## [Instructions for the task]
Below are the entries; tally the lines holding the string "with" and give only that figure.

## [Information shown]

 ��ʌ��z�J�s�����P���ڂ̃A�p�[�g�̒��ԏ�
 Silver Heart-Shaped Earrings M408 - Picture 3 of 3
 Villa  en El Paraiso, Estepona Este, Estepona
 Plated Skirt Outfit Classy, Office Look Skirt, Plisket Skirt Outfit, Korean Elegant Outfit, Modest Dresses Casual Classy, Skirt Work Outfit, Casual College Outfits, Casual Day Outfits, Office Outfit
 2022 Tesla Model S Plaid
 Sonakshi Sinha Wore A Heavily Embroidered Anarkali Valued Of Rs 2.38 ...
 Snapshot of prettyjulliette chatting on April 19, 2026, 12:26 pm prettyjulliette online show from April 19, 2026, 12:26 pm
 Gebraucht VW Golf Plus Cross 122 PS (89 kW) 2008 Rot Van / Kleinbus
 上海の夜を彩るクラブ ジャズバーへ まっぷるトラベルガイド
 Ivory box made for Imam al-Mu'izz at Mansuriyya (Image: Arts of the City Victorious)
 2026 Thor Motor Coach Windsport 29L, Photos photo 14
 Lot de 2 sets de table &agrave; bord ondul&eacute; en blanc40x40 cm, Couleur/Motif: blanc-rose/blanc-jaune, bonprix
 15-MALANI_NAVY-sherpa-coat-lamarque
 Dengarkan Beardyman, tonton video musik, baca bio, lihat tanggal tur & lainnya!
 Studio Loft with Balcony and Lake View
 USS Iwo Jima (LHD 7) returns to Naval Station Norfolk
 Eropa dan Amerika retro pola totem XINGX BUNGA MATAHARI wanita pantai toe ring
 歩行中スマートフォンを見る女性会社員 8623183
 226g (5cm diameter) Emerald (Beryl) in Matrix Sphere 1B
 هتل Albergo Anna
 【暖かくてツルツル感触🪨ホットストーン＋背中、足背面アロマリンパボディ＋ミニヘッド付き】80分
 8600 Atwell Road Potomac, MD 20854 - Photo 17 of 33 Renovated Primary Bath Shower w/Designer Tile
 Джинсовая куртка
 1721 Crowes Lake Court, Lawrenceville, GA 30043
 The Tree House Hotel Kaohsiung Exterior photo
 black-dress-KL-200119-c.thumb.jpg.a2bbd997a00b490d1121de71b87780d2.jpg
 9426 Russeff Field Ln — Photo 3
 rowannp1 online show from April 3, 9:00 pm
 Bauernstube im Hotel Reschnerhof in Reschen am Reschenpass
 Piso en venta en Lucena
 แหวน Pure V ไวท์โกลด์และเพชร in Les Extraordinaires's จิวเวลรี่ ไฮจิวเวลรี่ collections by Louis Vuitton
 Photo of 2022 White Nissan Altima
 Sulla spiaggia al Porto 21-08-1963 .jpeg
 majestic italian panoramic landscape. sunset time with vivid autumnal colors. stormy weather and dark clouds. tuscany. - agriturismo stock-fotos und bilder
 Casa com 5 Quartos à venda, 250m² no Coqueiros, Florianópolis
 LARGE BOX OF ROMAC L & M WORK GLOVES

## [Final answer]
2